I think if he had the compound set over at 30 degrees (typical for threading), .010" on the compound is .005" off the diameter. Actually I already think I'm wrong about that.


----------



## Kevin T (Dec 4, 2021)

jwmay said:


> I think if he had the compound set over at 30 degrees (typical for threading), .010" on the compound is .005" off the diameter. Actually I already think I'm wrong about that.

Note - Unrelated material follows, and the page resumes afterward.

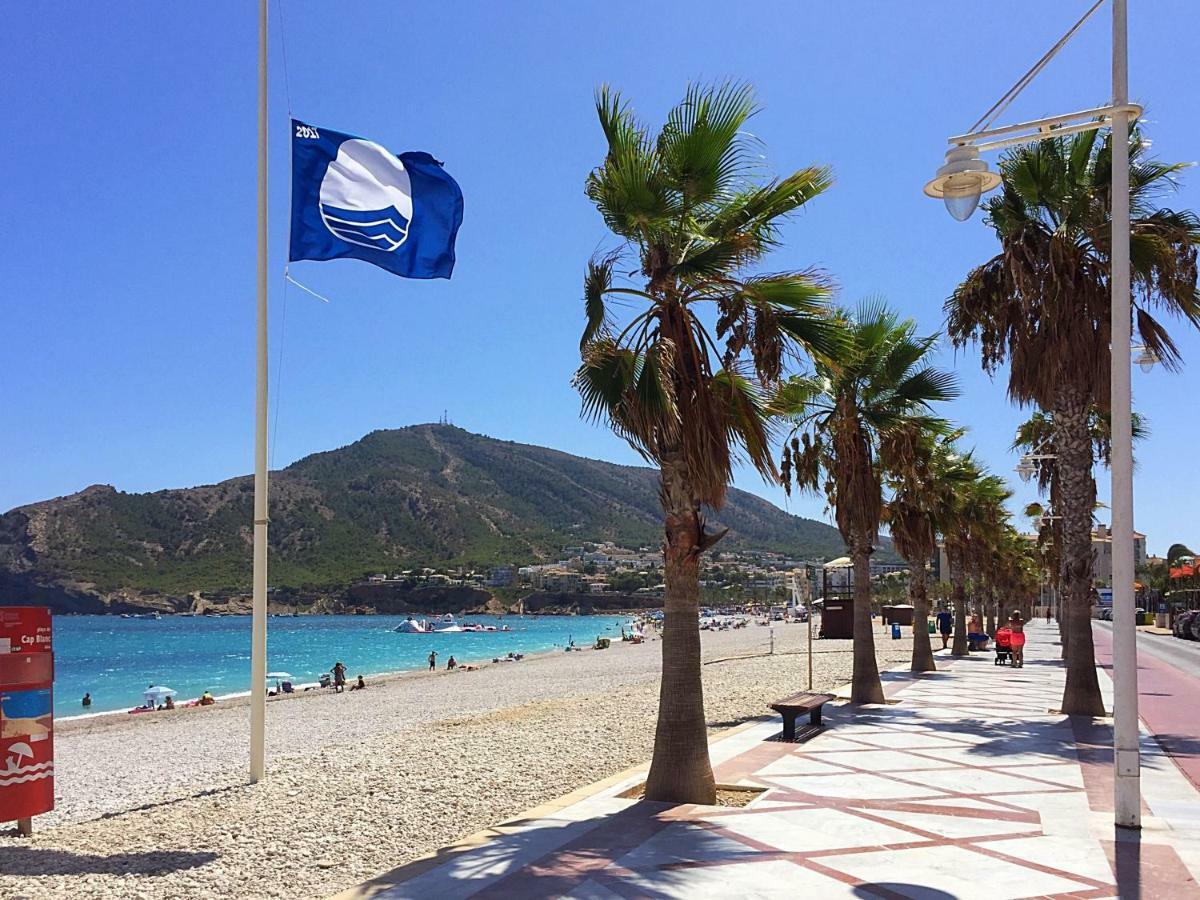 Апартаменты Fin Albir Playa Альбир Экстерьер фото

Yes, compound set to thread at 29 1/2 deg so it's less than the direct read measurement. I forget the math so I rely on that test thread! lol


----------



## benmychree (Dec 4, 2021)

I make gages for fitting chuck backplates, and measure the spindle thread with wires or a thread mike and make the gage right on size, I form a knurled handle on them, it reduces weight and provides grip. I see your picture of the tool, same as what I use, when they get ground down from repeated sharpening, I taper them back at an angle as far as the angled mounting surface, this gives much better visibility of the tool point.
I have always set the compound at 30 degrees, and all the journeymen I worked with did likewise.


----------



## jwmay (Dec 4, 2021)

Oh and also I forgot to mention, Good Job! Looks great!


----------



## Flyinfool (Dec 4, 2021)

The math is that with the compound at 30°, .010 on the compound will move the tool in .00866 or .0173 on the dia.
29.5° in not much different at .00870 tool movement, or .0174 on the dia. Either way still a lot more than the cross slide.


----------



## Ultradog MN (Dec 6, 2021)

Though I love carbide, when it comes to cutting threads I'm still a fan of HSS bits.
Carbide likes more speed and pressure to give a good finish which increases your need for being totally on the ball. HSS  allows you to work at a more leisurely pace and lets you take smaller cuts. 
And with HSS a whoops means an inexpensive trip to the grinder to dress your tool instead of a $52 mistake.
Edit:
I meant to add, Nice job you did there.


----------



## Janderso (Dec 6, 2021)

benmychree said:


> I make gages for fitting chuck backplates, and measure the spindle thread with wires or a thread mike and make the gage right on size, I form a knurled handle on them, it reduces weight and provides grip. I see your picture of the tool, same as what I use, when they get ground down from repeated sharpening, I taper them back at an angle as far as the angled mounting surface, this gives much better visibility of the tool point.
> I have always set the compound at 30 degrees, and all the journeymen I worked with did likewise.


John,
Do you thread, feed in, with the compound or crosslide?


----------



## Just for fun (Dec 6, 2021)

Looks good Kevin T!


----------



## Kevin T (Dec 6, 2021)

rock_breaker said:


> Nice Job, hope the spindle collar turns out as well.
> 
> If you were making that in this area you may have brought on some much needed rain.
> 
> ...


Thanks! Me too! I've been going at the collar for a couple days now getting ready to single point the big internal threads! 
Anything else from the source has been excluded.